The AgriLife Research corn-breeding nursery is located in Halfway and Lubbock, Xu said. At these locations where the initial selections are made, sub-surface drip irrigation systems are used to apply water amounts that will stress the corn.

This project is funded by the High Plains Underground Water Conservation District, Texas Corn Producers Board, Texas Department of Agriculture, and the Ogallala Aquifer program funded by the U.S. Department of Agriculture-Agricultural Research Service.

"Once you stress corn you will see leaf rotting, reduced plant height, stapling traits – that's what you (the producer) are seeing," Xu said. "But for breeders, what is most important is what happens inside the husks, the ears. That takes a lot of labor; we have to hand harvest the ears and rate for seed setting and grain quality, those kinds of things."
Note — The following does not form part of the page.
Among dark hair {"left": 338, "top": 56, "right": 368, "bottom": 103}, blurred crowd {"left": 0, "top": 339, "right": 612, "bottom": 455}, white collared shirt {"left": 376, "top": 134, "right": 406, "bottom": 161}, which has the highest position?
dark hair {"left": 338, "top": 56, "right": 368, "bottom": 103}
Those traits are what his selections are based upon, he said.

"At the end of the day what you really care about is still yield, yield, yield," Xu said.

The plots at Etter are planted under a center pivot irrigation system and then watered simultaneously at four levels of crop water use or evapotranspiration, also known as ET: 100 percent; 75 percent; 65 percent and 50 percent.
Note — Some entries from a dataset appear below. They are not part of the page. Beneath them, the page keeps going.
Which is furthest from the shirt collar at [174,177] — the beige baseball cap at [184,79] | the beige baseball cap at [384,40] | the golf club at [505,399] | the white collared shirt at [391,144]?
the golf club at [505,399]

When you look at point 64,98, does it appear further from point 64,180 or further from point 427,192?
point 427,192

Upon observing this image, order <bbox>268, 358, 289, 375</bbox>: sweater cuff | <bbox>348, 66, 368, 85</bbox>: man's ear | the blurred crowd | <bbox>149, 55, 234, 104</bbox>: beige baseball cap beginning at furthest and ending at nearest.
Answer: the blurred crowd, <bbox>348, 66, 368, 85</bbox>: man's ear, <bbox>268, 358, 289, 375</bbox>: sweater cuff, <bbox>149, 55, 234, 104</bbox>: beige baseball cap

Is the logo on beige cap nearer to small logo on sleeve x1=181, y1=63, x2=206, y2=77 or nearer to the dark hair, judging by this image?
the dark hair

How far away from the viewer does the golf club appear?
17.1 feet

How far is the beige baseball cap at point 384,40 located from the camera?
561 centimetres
While there are different types of research taking place on corn fields at the Etter location, Xu said irrigation water management is a key part of his breeding tests.

"What is the best combination to choose hybrids and plant population and irrigation scheduling?" he said. "We have 10 hybrids growing under each of those regimes with three plant populations: medium, high and low."

Thomas Marek, AgriLife Research senior research engineer and superintendent of the research field, said the target is to apply about 32 inches of water, which is equal 100 percent ET, a combination of rainfall, irrigation and stored soil moisture.

The requirement of 32 inches is down from 36 inches in the past due to improved genetics, Marek said.

The plant populations used in the breeding trials are: 33,000 plants per acre for high, 28,000 plants per acre for medium and 23,000 plants per acre for low.

In 2008, under 100 percent ET, the average yield was 266 bushels per acre for the high population, 255 bushels for the medium and 234 bushels for the low, Xu said. Under 75 percent ET, the yields were 268 bushels per acre, 263 bushels and 255 bushels in the medium and low, respectively.

"What that tells you is that we may be over-watering in this location if we use current ET network models estimation and water the field at 100 percent ET level," he said.

Marek said the evapotranspiration network corn model is based on older genetics and is used across the entire Texas Panhandle region, so things may not be specific for any one variety, area or newer genetics.

In explaining the breeding program, Xu said a farmer grows F1 hybrid seed. To get F1 hybrid seed requires two steps in the breeding program: developing parental inbred lines and then crossing the inbred lines and make a hybrid.

"It takes eight generations to develop an inbred line," Xu said. "If you have two seasons per year, it will take four years to develop an inbred line."

But even if an inbred line looks promising, it doesn't mean success, he said.

"You can develop a nice-looking inbred line, but it does not mean it will make good babies," Xu said. "So the second one is to cross the inbred lines and find the good babies. That's the F1 hybrid. And that takes another three or four years, so it takes about seven to eight years to develop a good hybrid."

Xu said he has developed a number of experimental hybrids from his breeding program, estimating that every year a minimum of about 500 hybrids are generated, but only about 1 percent are good ones.

Marek said the difference between the 75 percent and 65 percent of ET seems to be the break-over point in terms of yield reduction for many of the hybrids. Some of the work that has been done here has been cutting-edge type research in both corn breeding and irrigation management and the increased yields support that fact.

"The ear length sitting on that stalk is a little shorter, and certainly the circumference and diameter is, and the kernel fill is not as good," Marek said.

"The days are coming when you will pick a targeted water level and a genetic variety to match that production level," he said. "And the combinations that will be available are going to become increasingly confusing to producers."